Fact:  The regulations indicate that alternative courses of action and all decisions should be in the public interest, not private interest, and be based on a balanced consideration of the need for safe and efficient transportation. The regulations provide a number of outs.  To the extent more is needed, the regulations also provide for categorical exclusions, which are exceptions that would permit the City to move ahead.  Besides, what legal basis exists, what gravamen is there, if DPW simply does its job?  On what basis can our Department of Public Works be sued if it fixes a public road?

MythThe studies are required and justify the delays.

Fact:  It is unprecedented that a street repair require an environmental impact study.  The restoration of Klingle Road is an important traffic and public safety issue of public interest.  The repair needs to happen, without any further delay, before your traffic congestion gets any worse.  The City is on a promising upswing.  We need the Mayor and the Council to take action now, and for all of us.

Myth: Public transportation service could not be provided on Klingle Road.

Fact:  Washington Metropolitan Area Transit Authority (WMATA) requires roadways with a minimum lane width of 10 feet to provide bus service.  Since Klingle Road is a two lane road at least 30 feet wide, bus service could be provided.

A decision to provide such service would depend on the need for bus service based on activity centers served, passenger demand along the proposed route, proximity to other routes, and availability of funding.

Myth:  Klingle Road carried an insignificant amount (2%) of traffic across Rock Creek Park, similar to volumes on the Zoo Road. 

Fact: Klingle Road carried 3,200 vehicles per day, 200 in each direction during peak hours, a significant amount of traffic.  Opponents include traffic volumes on roads miles from Klingle Road, such as Military Road, to arrive at the 2% figure.  Traffic that traveled on Klingle Road does not use Military Road as an alternative.  Instead, the traffic uses Porter Street.  DPW figures showed that traffic at Porter and Connecticut doubled after Klingle Road closure.  The Zoo Road does not replace Klingle Road:  traffic figures for the Zoo Road show the number of people who drive to the National Zoo. 

Myth:  We should solve our traffic problems by concentrating traffic onto large, central arteries. 

Fact: This is a recipe for gridlock.  The advantage of D.C.'s grid system of roads is that it provides alternate routes that we can use to get around traffic problems.  Limiting to traffic to a few major arteries would spell disaster in the event one of the arteries becomes blocked or closed.  In the area of Klingle Road, the grid system is very spread out -- cross-town roads are 1/2 to 1 mile apart.  Klingle Road provides an important alternative route for getting across town and avoiding traffic problems.

Myth:  By closing Klingle Road, it's only a 5-block detour.

FactAssumes that we are going to Woodley and Reno.
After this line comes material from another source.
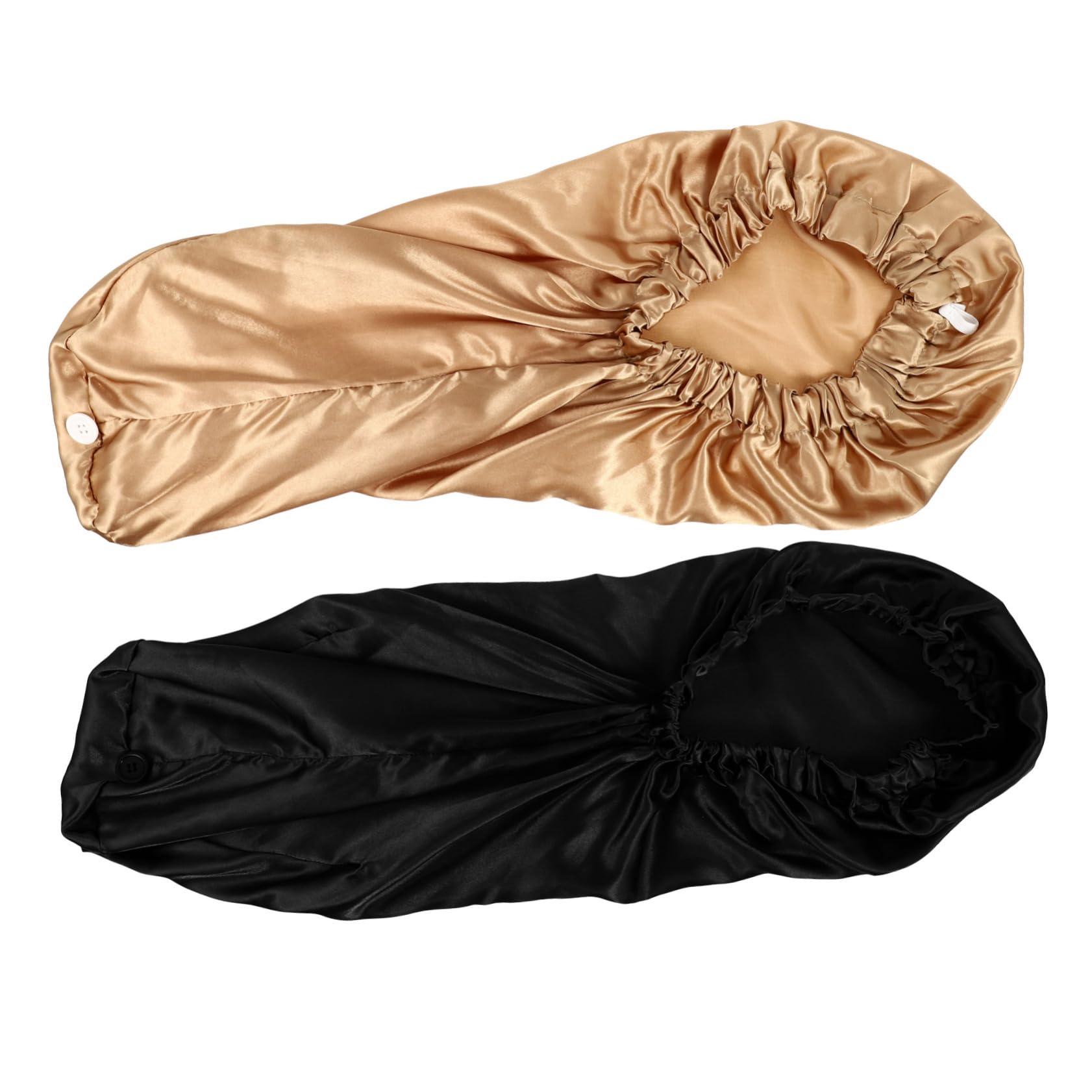 Angoily 6stücke Satin Duschhaube Mit Schnalle Schlafhaube Für Damen Atmungsaktive Haarhaube Für Nacht Und Gesichtspflege Für Lange Haare Und Entspannende Nächte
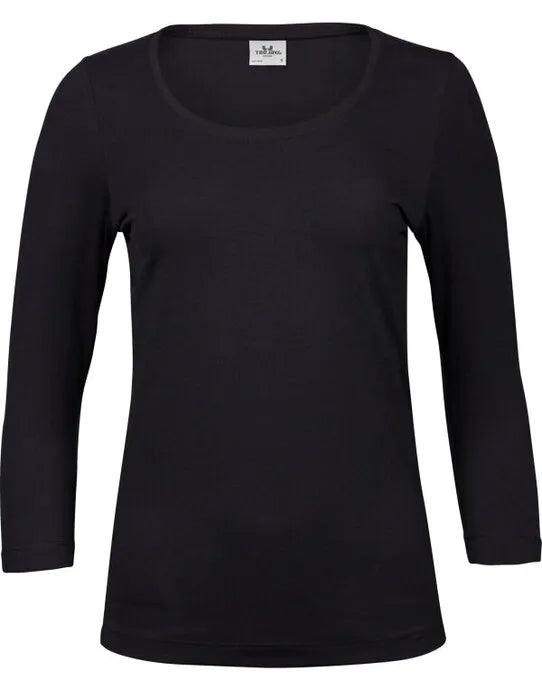 Tee Jays Ladies 3/4 Sleeve Stretch Tee TJ460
What if we are going to Maret, for example, or the Washington International School? Also, this analysis misses the forest for the trees. Opening Klingle will have a beneficial impact on traffic all around Cleveland Park, not just for those who would travel on Klingle, but for the many tens of thousands who travel on Connecticut Avenue and Porter Street as well.  Also, you have to travel on more heavily congested roads, through more stop lights, and cross Conn. Ave.

Myth:  Current traffic levels do not justify opening Klingle Road.

Fact:  We live in the third most traffic congested city in the nation. Just how bad would traffic have to get?

Myth:  Can always open Klingle Road later (when traffic gets worse).

Fact:  Klingle Road is an historic road, built in an earlier day. Once this historic road is lost, it may not be possible to build it again.